🤖 AI Summary
Existing fashion image generation methods primarily target narrow tasks such as virtual try-on, failing to capture dynamic poses, diverse scenes, and narrative expression inherent in professional fashion editing. This paper introduces “virtual fashion photoshoot”—a novel task that transforms standardized garment images into atmospheric, story-driven, magazine-quality editorial images. Methodologically, we propose an automated cross-domain text-image alignment pipeline integrating vision-language reasoning and object-level localization to achieve precise matching between garment images and lookbook-style reference images. Our core contribution is the first large-scale Garment–Lookbook Image Pair (GLIP) dataset, comprising 10K high-, 50K medium-, and 300K low-quality aligned pairs, with multi-granularity annotations (e.g., garment attributes, scene context, stylistic cues). This dataset bridges the semantic gap between e-commerce product imagery and fashion media content, advancing fashion image generation from function-oriented applications toward artistic, narrative-driven synthesis.
📝 Abstract
Fashion image generation has so far focused on narrow tasks such as virtual try-on, where garments appear in clean studio environments.
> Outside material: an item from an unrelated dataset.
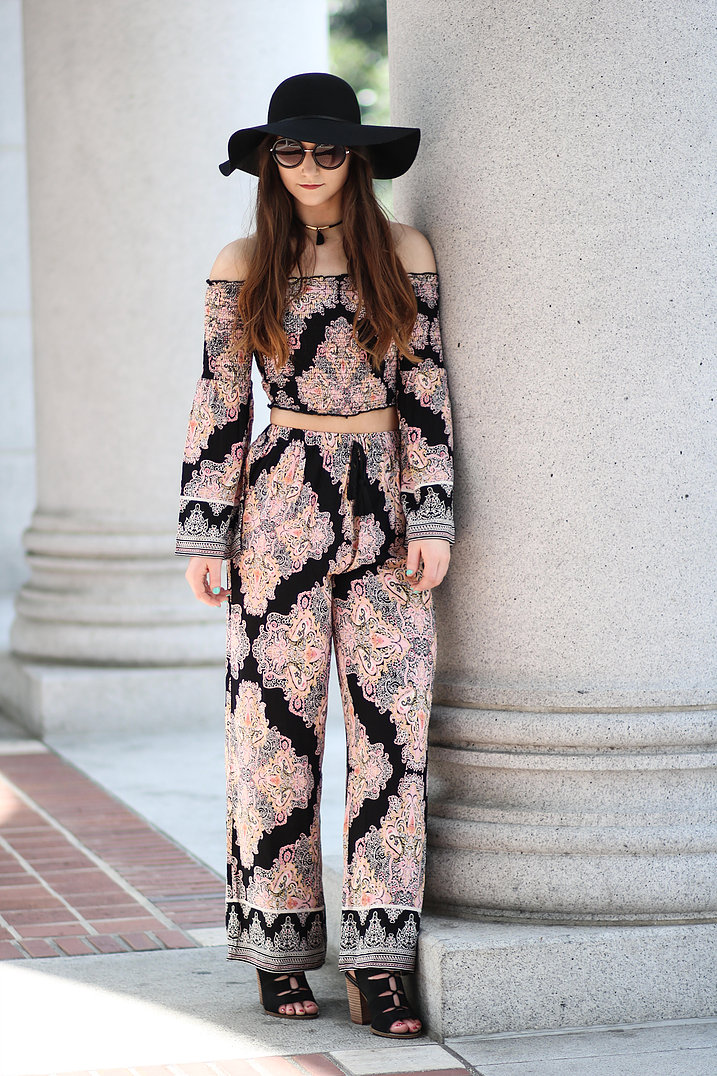 5808630a0cc831a5235669d3_Paisely Two Piece 10.jpg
In contrast, editorial fashion presents garments through dynamic poses, diverse locations, and carefully crafted visual narratives. We introduce the task of virtual fashion photo-shoot, which seeks to capture this richness by transforming standardized garment images into contextually grounded editorial imagery. To enable this new direction, we construct the first large-scale dataset of garment-lookbook pairs, bridging the gap between e-commerce and fashion media. Because such pairs are not readily available, we design an automated retrieval pipeline that aligns garments across domains, combining visual-language reasoning with object-level localization. We construct a dataset with three garment-lookbook pair accuracy levels: high quality (10,000 pairs), medium quality (50,000 pairs), and low quality (300,000 pairs). This dataset offers a foundation for models that move beyond catalog-style generation and toward fashion imagery that reflects creativity, atmosphere, and storytelling.